I’ll list the flyers alphabetically as for Saturday, and mention interesting happenings as they occur to me. Sam Delong had a Sunday that was a lot more athletic than he imagined when he got up that morning. He flew his beautiful scratch-built Warthog on a CTI J140w, and the rocket did what all rockets with marginal thrust/weight ratios do upon take-off: It wandered around during the burn, going this way and that until the airspeed finally was able to stabilize the flight path. Unfortunately, the flight path was almost due north at that point, and the rocket ended up deep in the woods. Sam and I carried the lineman’s pole back into the underbrush for about 100 yards until the GPS unit carried us directly to the trees that held the Warthog. Fin section, electronics bay, and nose cone were arranged almost horizontally, about 60 feet above the ground. We hiked back out of the woods and Sam went looking for ladders and eventually chain saws. As sunset approached, Sam crawled back out of the woods with the rocket, about 50 fire-ant stings, blackthorn scratches, and about a million mosquito bites. When Sam gets his teeth into a project, he just does NOT give up.
Trevor Elliott, who is the academic advisor for the UT-Chattanooga rocket team, was also trying to get NAR level 2 certified this weekend, and aced the written part on Saturday, as did Mark Hartmann. The NAR written test is a lot more detailed and involved than the TRA L2 test, and this is the first time I have administered the test and had anybody score 100%. On Saturday we had two perfect test results. However, Trevor’s L2 flight was not a success, with some airframe damage and structural bulkhead damage that could not be repaired.
Dan Fritsch was back on Sunday to make three more flights. The Sport-X flew on a Loki H125ct motor, his LOC Iris had its structural integrity tested with the violent AT H339N motor, and a new rocket, the LOC Goblin Extended on an AT I140W. All flights were right on the money. Joe Hill and Jim Livingston were planning a big flight in Joe’s Carbon GTR making use of one of Jim’s long 54mm homemade K560 motors made from Jim’s white-smoke formula. Joe fretted about the clouds and the wind direction all day, and finally decided to let the Carbon GTR go for a wild ride. As it turned out, the rocket ended up a long way away from where everybody was concerned that it might end up. When the Marshall transmitter and the Walston receiver finally located the rocket it was almost 1.5 miles away to the east, and the main parachute had never been deployed, so it landed hard. Very, very strange.
Robbie Kirk was back for one more flight, the Sky King flew on an AT F40. Mike Ney brought Big Orange back on Sunday to try the airstart thing one more time.

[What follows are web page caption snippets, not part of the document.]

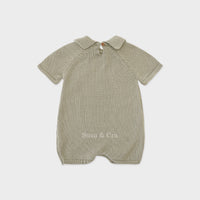 Susu and Cra rompers Susu and Cra Mini Kevin Knit Romper - Mint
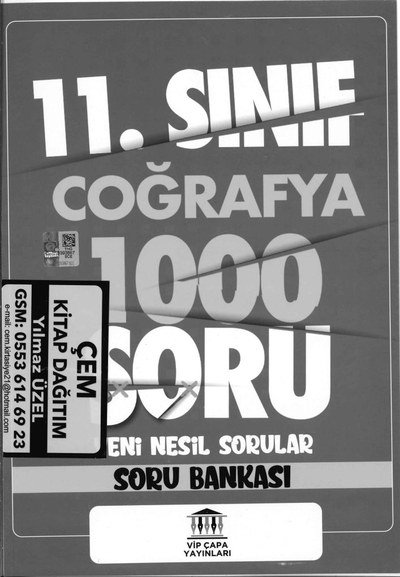 COĞRAFYA 1000 SORU YENİ NESİL SORULAR SORU BANKASI ANKA Fotokopi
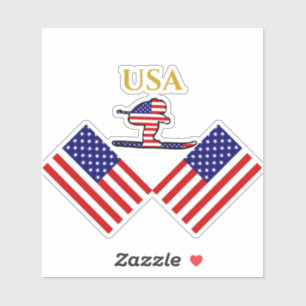 SKIER STICKER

This time he used a CTI K780bs in the middle and lit up both J340’s in the airstart. All the parts on that project came home intact. To finish out the Sunday activities, the UT-Chattanooga team flew another, very similar 2 stage minimum-diameter rocket called Big Red. On this occasion, the booster motor was an H53 and the sustainer was an I204. The badly under-powered rocket crept out of the tower and began to hunt around and gyrate around the body axis. When the second stage finally lit up, it was pointing slightly above 45 degrees from horizontal, and headed off to the south. All parts of this rocket were recovered in the same field we used for the launch, so the max altitude was probably around 2000 feet, which was not very close to the predicted 14,285 feet listed on the flight card. This team needs to take a long, hard look at their performance simulation computer program. Any program that would predict that an H53 would be adequate for the booster motor and that 14,000 feet would be attainable for the package needs to be carefully re-examined.
I had a fine time this weekend, and I hope everybody else did, too. I’ll see you back at Bayboro for the weekend of October 27 – 28.